A dose-optimization trial compared efficacy and toxicity outcomes for two daily dose regimens of duvelisib in patients with relapsed or refractory (R/R) peripheral T-cell lymphoma (PTCL). The study was presented at the American Society of Hematology Annual Meeting.
Lead study author Steven Horwitz, MD, answered some questions about the study in an interview with DocWire News.
DocWire News: What prompted you to undertake this study?
Dr. Horwitz: We have conducted early studies suggesting quite good activity of duvelisib as a single agent in a range of subtypes of T-cell lymphoma. The Primo study, which will include over 100 patients will be sufficiently powered to give a much more precise estimate of the activity in peripheral t cell lymphomas. Based on the size of the study, we are hopeful that we might also gain some insight into whether there are differences in subtype specific activity. However, prior to initiating the main cohort we needed to first try to identify an optimal dose. That “dose optimization cohort” is the subject of our presentation here.
DW: What are the key takeaways from the study?
Dr. Horwitz: Relapsed or refractory Peripheral T-Cell Lymphoma (R/R PTCL) remains a disease of significant unmet medical need.
Duvelisib is an oral dual inhibitor of PI3K-δ and PI3K-γ approved for the treatment of adult patients with relapsed or refractory chronic lymphocytic leukemia/small lymphocytic lymphoma (CLL/SLL) after at least two prior therapies, relapsed or refractory follicular lymphoma (FL) after at least two prior systemic therapies, and is being developed for the treatment of additional hematologic malignancies including R/R PTCL.
The PRIMO study is an ongoing, multi-center, open-label, registration-directed Phase 2 study evaluating duvelisib in patients with R/R PTCL that is expected to enroll approximately 120 patients. The study includes both a dose optimization phase and an expansion phase.
Results from a Phase 1 study suggest duvelisib monotherapy has activity in R/R PTCL. The objective of the Phase 2 PRIMO study is to first identify the optimal dose of duvelisib and then examine its efficacy, safety, and tolerability at the optimal dose.
In the dose optimization portion of the study, patients were randomized to receive duvelisib 25mg twice daily (cohort 1) or duvelisib 75mg twice daily continuously (cohort 2) until disease progression or unacceptable toxicity. The primary endpoint of the study was investigator-assessed overall response rate (ORR), and secondary endpoints included duration of response (DOR) and safety.
The investigator-assessed ORR in the ITT population was 35% in cohort 1 (n=20) and 54% in cohort 2 (n=13), with a complete response rate (CR) of 25% and 31% in cohort 1 and cohort 2, respectively. The ORR assessed by a blinded independent review, also in the ITT population, was 40% and 62% for cohort 1 and cohort 2, respectively. Nearly all of the responses were identified on first assessment. The most common (≥4 patients) Grade ≥3 adverse events (AEs) in all patients receiving duvelisib were neutropenia, thrombocytopenia, diarrhea, rash/maculopapular, lymphocytopenia, pneumonia and sepsis. Serious AEs occurring in >2 patients were colitis, diarrhea, abdominal pain, pyrexia, sepsis, pneumonia, hyponatremia, rash/maculopapular, dyspnea, and respiratory failure. Overall, 12% of patients receiving duvelisib discontinued due to an AE.

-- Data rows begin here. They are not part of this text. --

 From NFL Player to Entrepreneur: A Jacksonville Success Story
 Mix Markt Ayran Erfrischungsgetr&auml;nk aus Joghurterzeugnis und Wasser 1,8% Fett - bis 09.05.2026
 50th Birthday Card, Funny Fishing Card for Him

It appears that while there were responses, including complete responses at both the 25mg twice daily and duvelisib 75mg twice daily cohorts, more patients had early progression in the 25mg twice daily cohort. The analysis of drug levels (pk) in cycle 1 suggest that higher levels of drug in the blood seen in the 75mg twice daily may correlate with better early disease control. Due to this finding, patients in the rest of the study will start with 75 mg twice daily dosing but then have their dose reduced to hopefully minimize any long-term side effects.
DW: Did any of the study’s findings surprise you?

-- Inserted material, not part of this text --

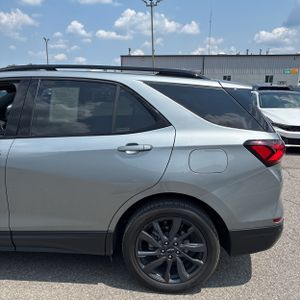 صورة 6 لـ 2024 Chevrolet EQUINOX RS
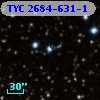 TYC 2684-631-1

Dr. Horwitz: No significant surprises. The overall responses and side effects are quite similar to what we saw in earlier studies. The only mild surprise was in earlier small studies we had not seen rapid early progression at the 25 mg twice daily dosing.
DW: What limitations did the study have?
Dr. Horwitz: The dose optimization phase included a relatively small number of patients.
DW: Do you have any future research plans pertaining to this area?
Dr. Horwitz: The expansion phase of this registration-directed study is currently underway in the United States and is opening in Germany, UK, Italy, and Japan.